【感想・ネタバレ】学力喪失 認知科学による回復への道筋のレビュー

あらすじ

乳幼児は驚異的な「学ぶ力」で言語を習得できる.しかし学校では多くの子どもたちが学力不振に陥り,学ぶ意欲を失ってしまう.なぜ子どもたちはもともと持っている「学ぶ力」を,学校で発揮できないのか.「生きた知識」を身につけるにはどうしたらよいのか.躓きの原因を認知科学が明らかにして,回復への希望をひらく.

...続きを読む
\ レビュー投稿でポイントプレゼント / ※購入済みの作品が対象となります
レビューを書く

感情タグBEST3

Posted by ブクログ

 オーディブルで

とても興味深く読んだ。
ぜひ、教育関係の方達、現場の方にも、教育行政に携わる方達にも知っていただきたいと思う内容だった。

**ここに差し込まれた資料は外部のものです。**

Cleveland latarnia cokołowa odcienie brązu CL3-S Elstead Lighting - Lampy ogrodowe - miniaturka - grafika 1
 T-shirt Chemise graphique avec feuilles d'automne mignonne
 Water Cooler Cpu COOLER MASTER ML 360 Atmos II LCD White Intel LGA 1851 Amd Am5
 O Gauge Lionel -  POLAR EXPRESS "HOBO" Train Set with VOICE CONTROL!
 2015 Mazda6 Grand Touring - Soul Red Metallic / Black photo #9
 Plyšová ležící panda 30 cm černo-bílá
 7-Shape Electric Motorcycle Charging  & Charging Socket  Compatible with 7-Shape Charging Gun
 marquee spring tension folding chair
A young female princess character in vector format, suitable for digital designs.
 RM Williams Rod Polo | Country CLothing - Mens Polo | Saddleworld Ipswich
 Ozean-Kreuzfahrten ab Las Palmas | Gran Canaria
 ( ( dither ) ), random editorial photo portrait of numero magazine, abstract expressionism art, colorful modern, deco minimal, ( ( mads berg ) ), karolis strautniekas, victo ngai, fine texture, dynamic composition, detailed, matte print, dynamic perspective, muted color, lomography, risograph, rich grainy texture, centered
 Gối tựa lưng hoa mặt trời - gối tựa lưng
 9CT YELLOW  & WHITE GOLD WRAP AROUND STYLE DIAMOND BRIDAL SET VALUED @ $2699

算数文章題が解けないのは、国語力、読解力が弱いせいと思っていたが、それだけではなかった。
そもそも、数学にまつわる基本的な概念(例えば、分数であったり、1、0、マイナスなどの数の概念など)が記号接地(この言葉も今回初めて知った)できていないことにも原因がある。

ただ、闇雲に学力テストをやって、点数を出しても仕方がない。間違った問題の何が理解できていないのか、そこを明らかにしてアプローチしていかなければ根本的な解決には至らない。

そして、学習のための基本的な概念をきちんと記号接地していくために、ゲームなど遊びの要素がある中で繰り返し鍛え定着させていくのは良い方法だと思う。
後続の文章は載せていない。